(Data under study):
------------------------------------------------
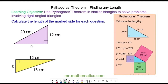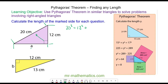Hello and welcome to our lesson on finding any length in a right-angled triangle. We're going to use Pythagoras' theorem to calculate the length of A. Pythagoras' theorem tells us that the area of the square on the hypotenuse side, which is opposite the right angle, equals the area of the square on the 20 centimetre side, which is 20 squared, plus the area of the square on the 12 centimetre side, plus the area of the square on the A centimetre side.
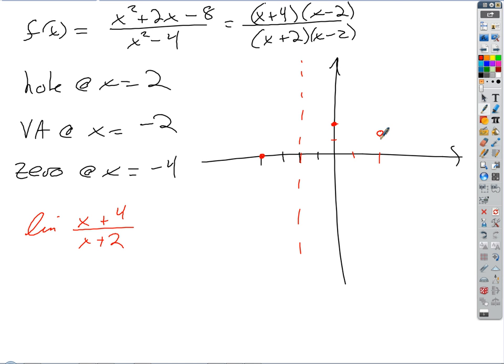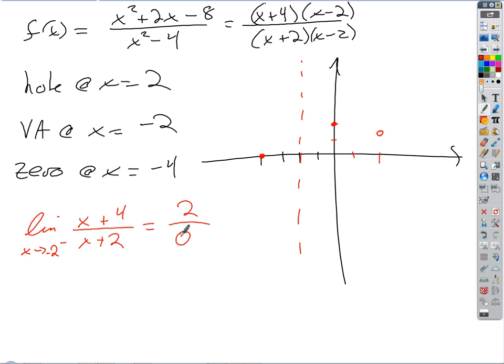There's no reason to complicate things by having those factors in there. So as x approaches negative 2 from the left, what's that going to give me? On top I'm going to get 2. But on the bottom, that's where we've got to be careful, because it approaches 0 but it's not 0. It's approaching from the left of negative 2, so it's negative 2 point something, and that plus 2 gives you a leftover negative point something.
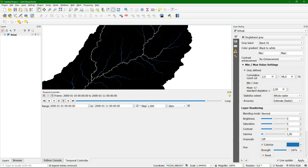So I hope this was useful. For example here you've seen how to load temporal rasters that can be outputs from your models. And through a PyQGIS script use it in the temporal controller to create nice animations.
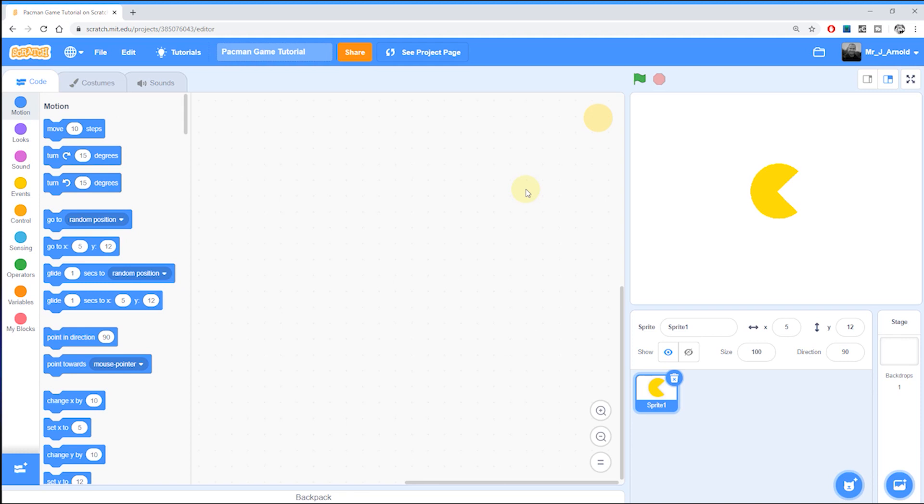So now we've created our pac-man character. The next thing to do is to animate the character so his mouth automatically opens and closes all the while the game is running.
------------------------------------------------
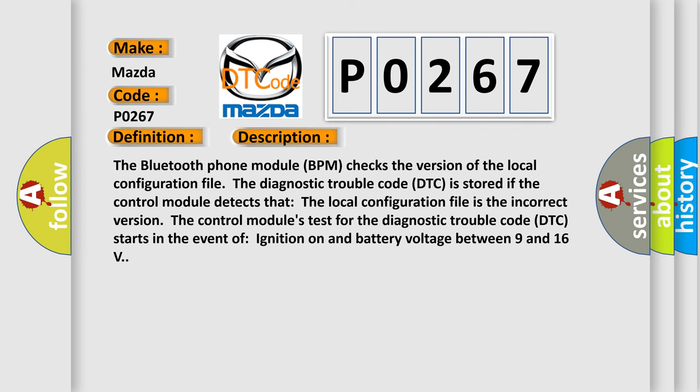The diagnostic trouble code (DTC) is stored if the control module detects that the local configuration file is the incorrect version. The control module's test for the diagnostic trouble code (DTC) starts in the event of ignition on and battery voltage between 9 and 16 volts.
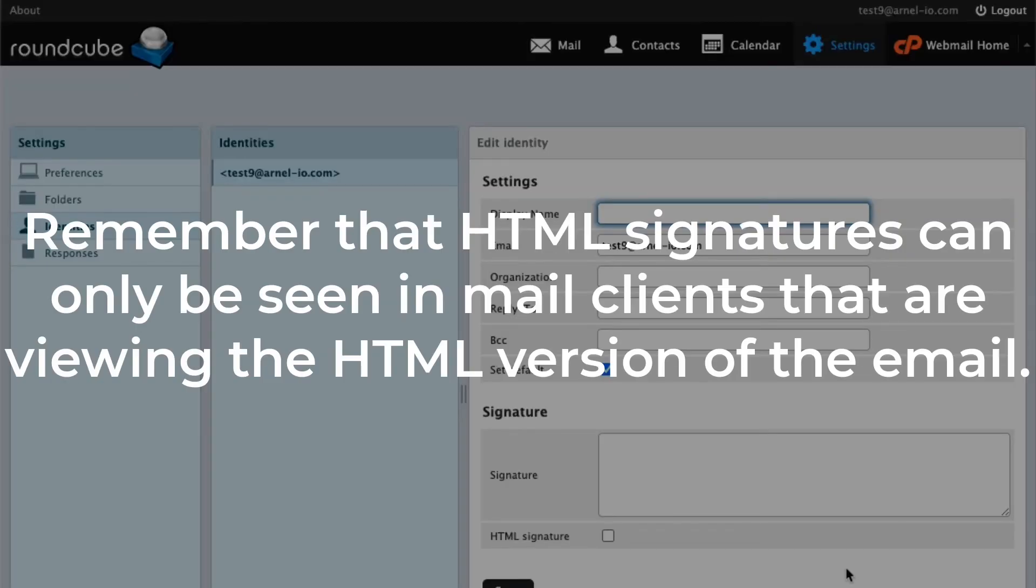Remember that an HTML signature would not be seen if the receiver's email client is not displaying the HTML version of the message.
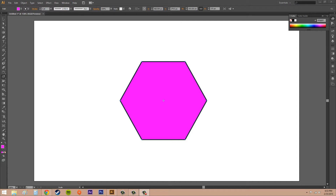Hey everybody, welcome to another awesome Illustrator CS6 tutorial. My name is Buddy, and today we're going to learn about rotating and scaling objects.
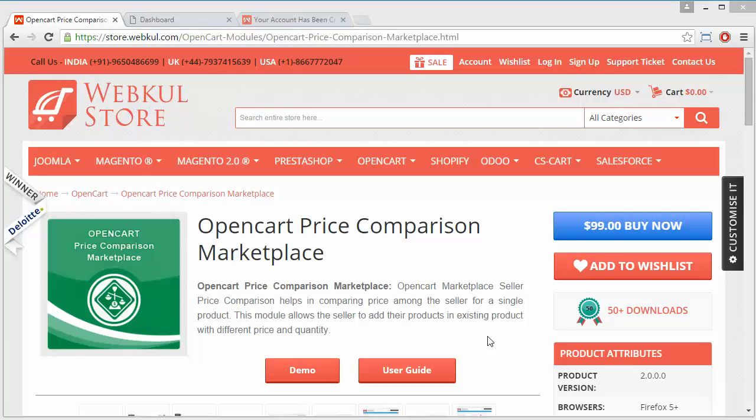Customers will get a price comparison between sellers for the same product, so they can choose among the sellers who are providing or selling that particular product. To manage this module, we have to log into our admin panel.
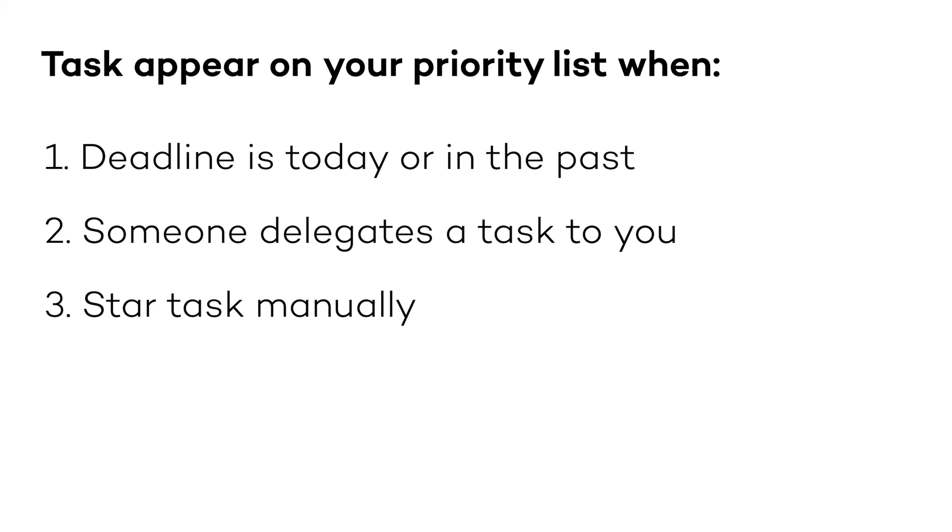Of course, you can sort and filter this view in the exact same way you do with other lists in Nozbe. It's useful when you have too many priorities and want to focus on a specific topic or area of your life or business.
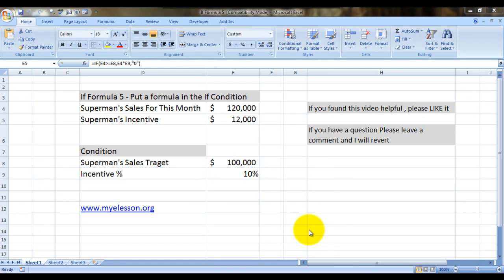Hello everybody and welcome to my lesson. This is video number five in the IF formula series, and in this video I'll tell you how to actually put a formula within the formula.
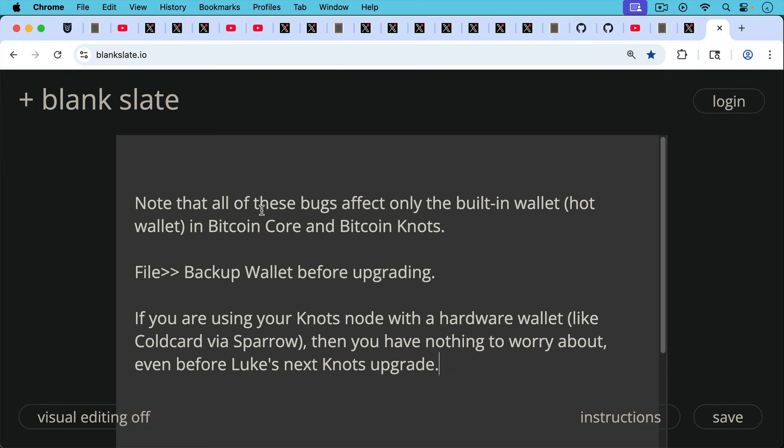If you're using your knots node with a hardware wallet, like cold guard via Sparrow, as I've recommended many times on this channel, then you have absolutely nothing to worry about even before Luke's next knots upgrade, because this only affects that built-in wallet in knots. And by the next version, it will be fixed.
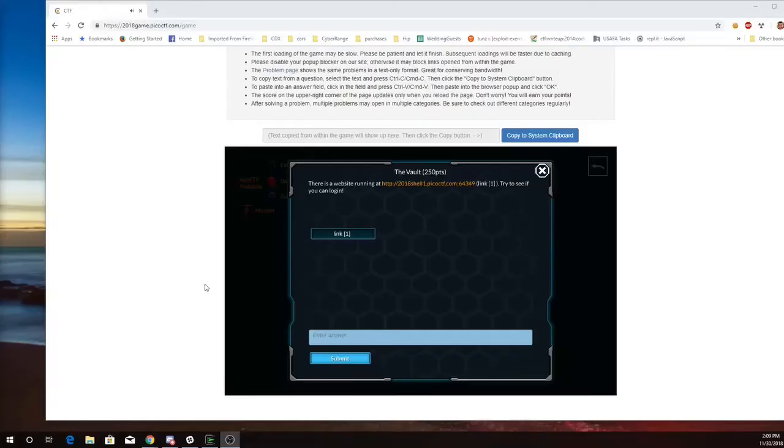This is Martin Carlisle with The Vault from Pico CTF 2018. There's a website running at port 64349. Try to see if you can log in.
------------------------------------------------
(Instructions for the task): Each line above from the one containing "Hello and welcome" through the one containing "So I hope this" is to be returned verbatim. Nothing else, and no pictures.

(Task solution):
Hello and welcome to our lesson on finding any length in a right-angled triangle. We're going to use Pythagoras' theorem to calculate the length of A. Pythagoras' theorem tells us that the area of the square on the hypotenuse side, which is opposite the right angle, equals the area of the square on the 20 centimetre side, which is 20 squared, plus the area of the square on the 12 centimetre side, plus the area of the square on the A centimetre side.
There's no reason to complicate things by having those factors in there. So as x approaches negative 2 from the left, what's that going to give me? On top I'm going to get 2. But on the bottom, that's where we've got to be careful, because it approaches 0 but it's not 0. It's approaching from the left of negative 2, so it's negative 2 point something, and that plus 2 gives you a leftover negative point something.
So I hope this was useful. For example here you've seen how to load temporal rasters that can be outputs from your models. And through a PyQGIS script use it in the temporal controller to create nice animations.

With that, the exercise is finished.